Dari segi konsep, dalam Kamus Bahasa ada sejumlah maksud tertentu dipandang sama. Ada konteks tertentu yang diposisikan bahwa maksud dari kata kritik, hina, bahkan cela, dan kecam, pada dasarnya sama saja. Namun tidak bisa dinafikan, dalam konteks lain, penggunaan kata itu bisa berarti berbeda.
Dengan bertitik tolak dari gambaran demikian, pengaturan tentang penghinaan perlu dirumuskan secara hati-hati karena ia terkait dengan konteks. Karena hal ini terkait dengan konteks, maka maksud ketentuan “penghinaan”, ketika sudah diatur nantinya, akan berpeluang untuk dibelokkan untuk berbagai kepentingan.
Berpatokan pada KUHP, penghinaan terhadap presiden bisa saja bertumpu pada delik aduan. Pengaturan secara khusus akan berpeluang digunakan untuk menghantam orang yang melakukan kritik. Padahal kritik juga sangat penting dalam mendampingi proses pembangunan.
Kritik bisa saja tanpa solusi. Orang yang melakukan kritik, sebenarnya orang-orang yang berusaha menyampaikan sesuatu, walau untuk sesuatu itu, tiada solusi yang ditawarkan. Bagi yang menerima kritik, seharusnya dengan adanya kritik –walau belum ada solusi—akan memudahkan yang bersangkutan mengetahui apa saja yang kurang. Catatan penting yang harus diberikan, bahwa pengkritik pun bisa tidak murni. Dalam sebuah kritik pun bisa didompleng oleh berbagai kepentingan. Ini juga masalah tersendiri.

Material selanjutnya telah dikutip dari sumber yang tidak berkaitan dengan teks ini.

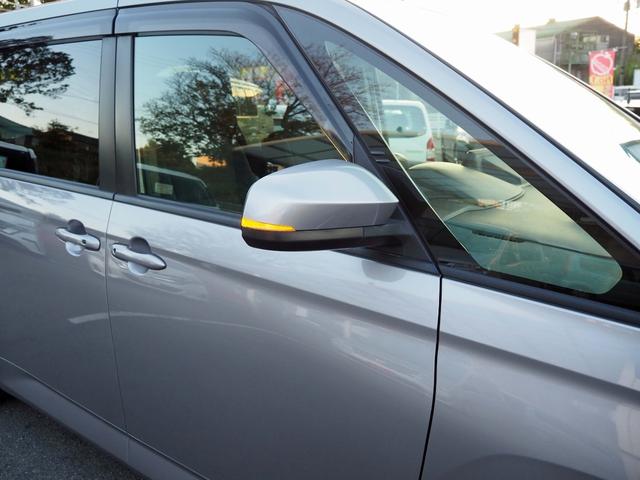 ランディ Ｇ　車検整備付き　セーフティセンス　両側パワースライドドア　ＳＤナビ　バックカメラ　フルセグＴＶ　レーダークルコン　パーキングブレーキサポート　ＬＥＤヘッドライト　シートヒーター　プリクラッシュセーフティ（13枚目）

Barangkali, seperti diingatkan Imam Ghazali, fisik dan hati harus diberdayakan, sehingga semua yang dilakukan selalu ada yang menilai. Masalahnya adalah ketika rasa yang menilai itu sudah menjadi corong berbagai kepentingan, maka tinggal masing-masing saja yang menjawabnya.